**TASK BRIEF**
Starting with the line that contains "828 N Stiles St, Linden, NJ 07036 - Photo 11" and stopping after the line that contains "Peak Performance Sport", return each line below exactly as written, with no others.
==== TASK INPUTS
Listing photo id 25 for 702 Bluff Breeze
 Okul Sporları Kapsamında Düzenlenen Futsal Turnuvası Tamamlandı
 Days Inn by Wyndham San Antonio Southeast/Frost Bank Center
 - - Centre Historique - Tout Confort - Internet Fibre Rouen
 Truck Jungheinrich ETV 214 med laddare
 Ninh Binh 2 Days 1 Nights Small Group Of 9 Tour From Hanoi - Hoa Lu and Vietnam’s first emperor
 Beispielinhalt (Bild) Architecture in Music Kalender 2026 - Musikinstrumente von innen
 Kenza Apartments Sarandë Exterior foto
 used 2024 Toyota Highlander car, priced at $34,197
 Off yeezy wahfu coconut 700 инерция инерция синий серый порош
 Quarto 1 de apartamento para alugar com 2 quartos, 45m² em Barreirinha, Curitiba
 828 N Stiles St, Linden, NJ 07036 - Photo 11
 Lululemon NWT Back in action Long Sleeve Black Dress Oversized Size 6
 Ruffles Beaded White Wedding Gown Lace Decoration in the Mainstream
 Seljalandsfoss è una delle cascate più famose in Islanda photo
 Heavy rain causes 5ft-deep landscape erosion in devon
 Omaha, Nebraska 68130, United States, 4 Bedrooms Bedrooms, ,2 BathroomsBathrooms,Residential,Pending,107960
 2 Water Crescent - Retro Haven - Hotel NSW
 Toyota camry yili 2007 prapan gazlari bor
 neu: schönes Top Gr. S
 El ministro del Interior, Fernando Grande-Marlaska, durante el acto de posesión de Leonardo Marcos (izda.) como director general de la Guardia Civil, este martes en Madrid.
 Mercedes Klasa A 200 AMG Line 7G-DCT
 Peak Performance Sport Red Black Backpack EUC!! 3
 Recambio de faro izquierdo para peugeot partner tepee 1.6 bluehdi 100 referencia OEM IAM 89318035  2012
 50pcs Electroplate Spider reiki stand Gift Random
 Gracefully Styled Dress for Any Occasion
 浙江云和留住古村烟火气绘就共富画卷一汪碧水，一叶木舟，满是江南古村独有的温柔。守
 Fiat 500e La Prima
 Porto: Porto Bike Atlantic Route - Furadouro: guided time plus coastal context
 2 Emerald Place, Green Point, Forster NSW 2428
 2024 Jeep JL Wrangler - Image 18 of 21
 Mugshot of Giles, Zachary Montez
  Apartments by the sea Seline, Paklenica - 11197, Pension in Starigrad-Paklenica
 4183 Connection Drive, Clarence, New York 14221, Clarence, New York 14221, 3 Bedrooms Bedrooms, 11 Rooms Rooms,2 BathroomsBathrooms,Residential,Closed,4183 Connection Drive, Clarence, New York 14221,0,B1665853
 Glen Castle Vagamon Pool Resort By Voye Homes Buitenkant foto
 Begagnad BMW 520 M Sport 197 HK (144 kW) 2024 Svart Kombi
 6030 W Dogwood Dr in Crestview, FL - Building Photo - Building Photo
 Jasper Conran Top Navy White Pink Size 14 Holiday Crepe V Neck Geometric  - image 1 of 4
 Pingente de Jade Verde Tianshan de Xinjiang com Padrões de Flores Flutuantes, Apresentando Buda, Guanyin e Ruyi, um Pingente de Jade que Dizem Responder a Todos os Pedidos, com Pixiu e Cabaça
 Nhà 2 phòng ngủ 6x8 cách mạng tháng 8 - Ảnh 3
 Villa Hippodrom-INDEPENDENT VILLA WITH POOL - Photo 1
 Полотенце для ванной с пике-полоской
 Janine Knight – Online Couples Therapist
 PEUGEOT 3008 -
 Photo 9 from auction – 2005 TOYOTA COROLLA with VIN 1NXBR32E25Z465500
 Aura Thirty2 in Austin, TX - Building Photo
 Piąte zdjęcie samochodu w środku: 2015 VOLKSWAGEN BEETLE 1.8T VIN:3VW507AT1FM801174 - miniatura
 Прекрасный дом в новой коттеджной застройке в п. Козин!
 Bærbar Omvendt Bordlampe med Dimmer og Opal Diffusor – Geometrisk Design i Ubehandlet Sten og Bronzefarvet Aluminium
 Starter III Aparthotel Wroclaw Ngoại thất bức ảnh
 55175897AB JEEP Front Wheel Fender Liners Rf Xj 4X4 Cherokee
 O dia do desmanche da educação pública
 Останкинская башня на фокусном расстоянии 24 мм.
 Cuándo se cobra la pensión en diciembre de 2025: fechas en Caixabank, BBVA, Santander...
========
**EXERCISE SOLUTION**
 828 N Stiles St, Linden, NJ 07036 - Photo 11
 Lululemon NWT Back in action Long Sleeve Black Dress Oversized Size 6
 Ruffles Beaded White Wedding Gown Lace Decoration in the Mainstream
 Seljalandsfoss è una delle cascate più famose in Islanda photo
 Heavy rain causes 5ft-deep landscape erosion in devon
 Omaha, Nebraska 68130, United States, 4 Bedrooms Bedrooms, ,2 BathroomsBathrooms,Residential,Pending,107960
 2 Water Crescent - Retro Haven - Hotel NSW
 Toyota camry yili 2007 prapan gazlari bor
 neu: schönes Top Gr. S
 El ministro del Interior, Fernando Grande-Marlaska, durante el acto de posesión de Leonardo Marcos (izda.) como director general de la Guardia Civil, este martes en Madrid.
 Mercedes Klasa A 200 AMG Line 7G-DCT
 Peak Performance Sport Red Black Backpack EUC!! 3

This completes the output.